# how long should my battery last?



## Ynought (Jul 16, 2006)

I have a powerbook g4. I'm using apps like web browsers, excel, word, mail, iCal...normal stuff. My battery says I've got an hour and a half (after a full charge). That seems low. Is it?


----------



## nixgeek (Jul 16, 2006)

Depends on how you have your settings for the CPU, display, etc enabled in Energy Saver.  Also, using your optical drive or using USB with the battery will eat up battery life.


----------



## Satcomer (Jul 16, 2006)

If you want to save on battery on any portable you have to do some simple steps.

1. Don't play CD/DVD while on battery. The drives eat electricity like crazy.
2. Turn you monitor brightness down some. The LCD back light also eats electricity. Turning the monitor down will give at least 30 minutes more power.
3. Open System Preferences->Energy Saver and set a reduced processor profile while using the battery. 

These simple steps will work on most any portable you are using on battery.


----------



## sgould (Jul 16, 2006)

The battery on my iBook G4 lasts about 5 hours if I just use it for compouting and the internet - not CD stuff.

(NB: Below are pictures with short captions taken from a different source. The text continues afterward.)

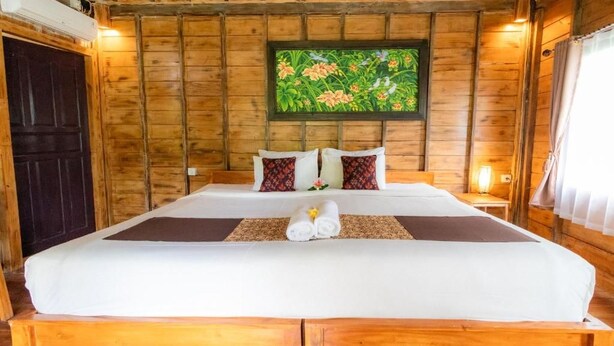Una habitación de madera con una cama, un cuadro floral enmarcado en la pared y una puerta oscura.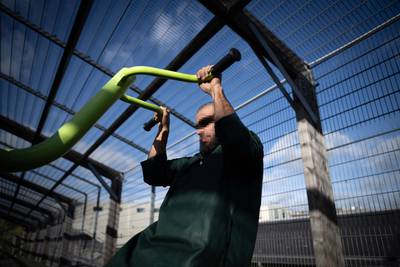 A migrant works out in the recreation area of the Centre de Retention Administrative, a migrant detention centre in Vincennes, France. AFP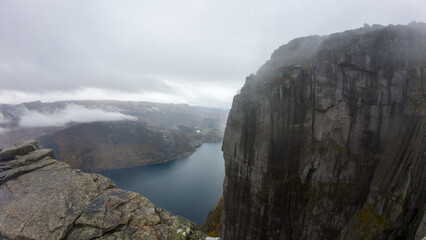 A foggy landscape featuring a steep cliff overlooking a serene fjord, surrounded by rugged mountains and misty clouds.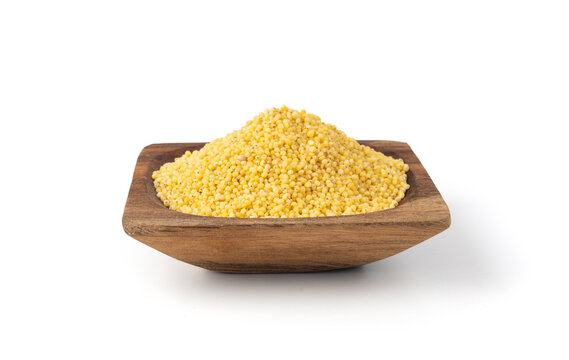 Raw millet grains pile isolated. Little yellow cereal, natural foxtail small seeds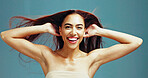 Portrait, hair care and happy woman with beauty, wind or texture for growth on studio background. Hairstyle, face and model in makeup cosmetics for hairdresser treatment, confident and laugh at salon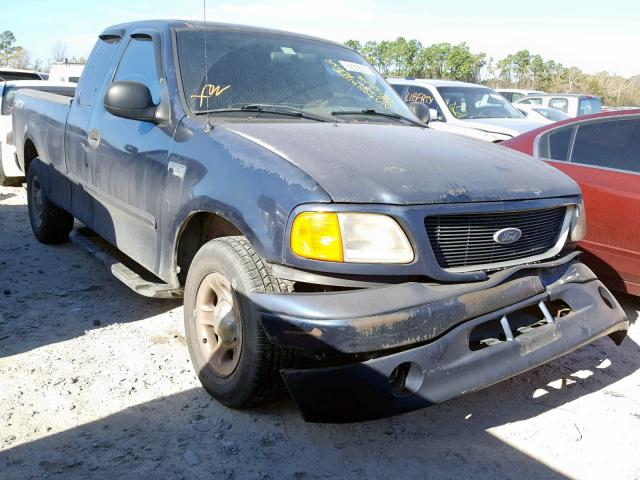 2FTRX17274CA10927 - 2004 FORD F-150 HERI BLUE photo 1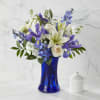 Accented by a deep blue vase, our Calming Comfort Bouquet is crafted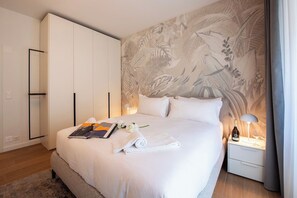 Een hotelkamer met een groot bed, een nachtkastje met lamp, een kledingkast en een muur met een tropisch schilderij.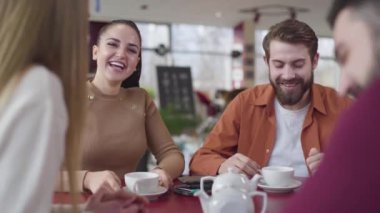 Happy young Caucasian couple talking with friends in restaurant. Cheerful man and woman resting in cafe with fellows. Youth, lifestyle, joy, happiness.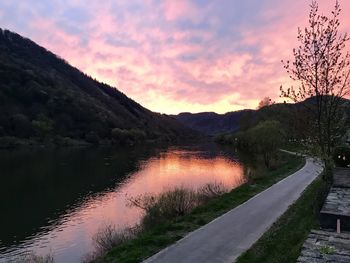 Scenic view of lake by mountains against sky at sunset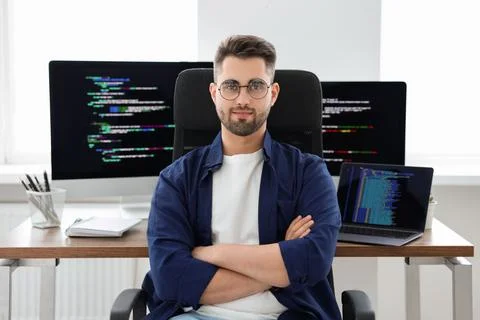 Young programmer working at desk in office 库存照片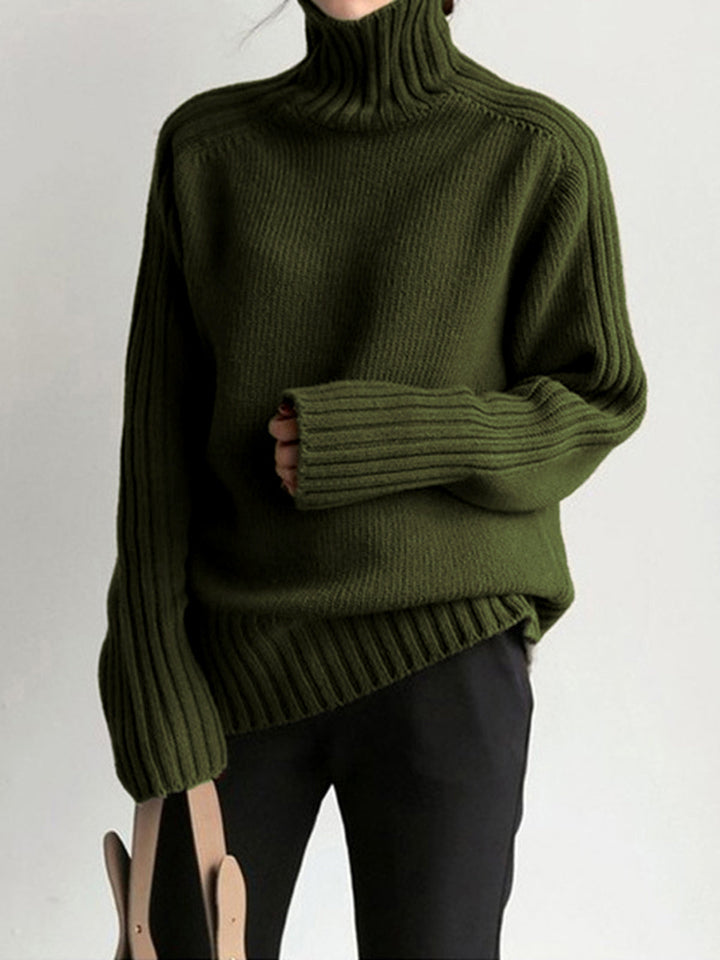 Classic women's green roll neck sweater, perfect for cold weather, offering a cozy, stylish, long sleeve fit.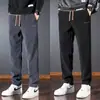 Pantalones casuales estilo coreano, pantalones largos de pana anchos y modernos para hombre de otoño, ropa de trabajo, deportivos, pantalones de chándal de pierna recta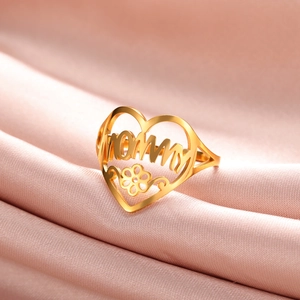Golden open heart ring featuring hollow MOMMY text and flower detail on pink silk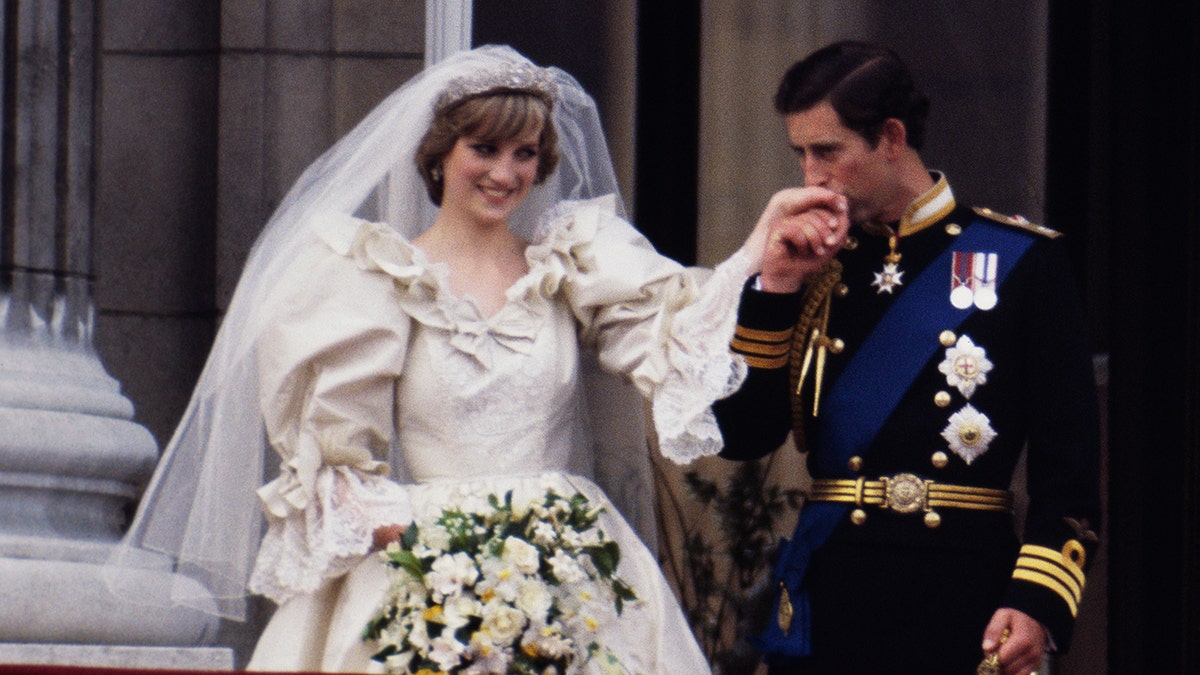 Prince Charles kissing Princess Diana's hand on their wedding day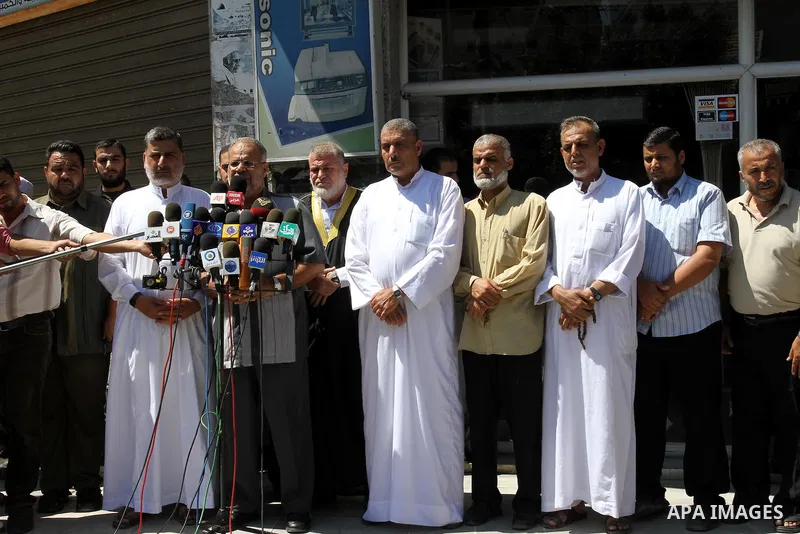 Members of the Palestinian Islamic Jihad deliver speech in a press conference in Gaza city on Aug. 23, 2011 in support with the Libyan rebels . Photo by Mohammed Asad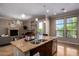 Kitchen island with granite countertop, double sink and seating at 7297 N Scottsdale Rd # 1004, Paradise Valley, AZ 85253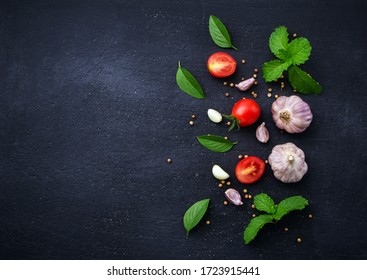 Garlic,  Basil Leaf, Mint Leaf And Tomato On Black Background.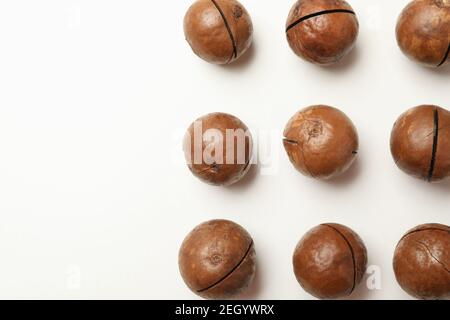 Flat lay with tasty macadamia nuts on white background Stock Photo
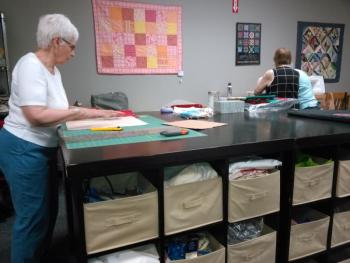 Volunteers from the Community Center’s Just Sew group make good use of the new fiber arts room and its furnishings. JANE CARPENTER/Boothbay Register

Also the battery is Lithium something or other.  These typically last for around 300 full charges from flat.  So I always used the mains power whenever I can, rather than just plugging in when the battery gets low and then recharging.


----------



## fryke (Jul 16, 2006)

Won't get 5 hours out of the PowerBook G4, probably. Which model exactly is it? My 15" 1.33 GHz PowerBook G4 gave me around 3.5 - 4 hours when I was just working lightly (typing in TextEdit, basically) at lowest brightness.


----------



## Ynought (Jul 18, 2006)

I have the 15" version. I have done some of the things recommended (turned down brightness and reduced the CPU settings. I have browsers (camino and opera), word, excel, iCal, dictionary and calculator open and I still only have 1:50 on my battery. CDs or DVDs? Are you joking?! on my batt. i'd get about 15 minutes of play, shit, if I play a video from off the hard drive i'm in the red in 20 minutes. Based on the responses, this seems like a weak battery and I may go talk to the folks at the apple store....


----------



## fryke (Jul 18, 2006)

Hm. Yep. First re-condition your battery, though, by running it down completely and recharge it completely a couple of times. Use Coconut Battery to see about the state of your battery. It's a helpful tool.


----------



## Ynought (Jul 18, 2006)

I'll give that a try. Thanks


----------



## Satcomer (Jul 18, 2006)

Also my battery on my PowerBook Ti went after the first couple of years (hard living). I then got a great replacement battery from OWC and it now the battery behaves better than the original.


----------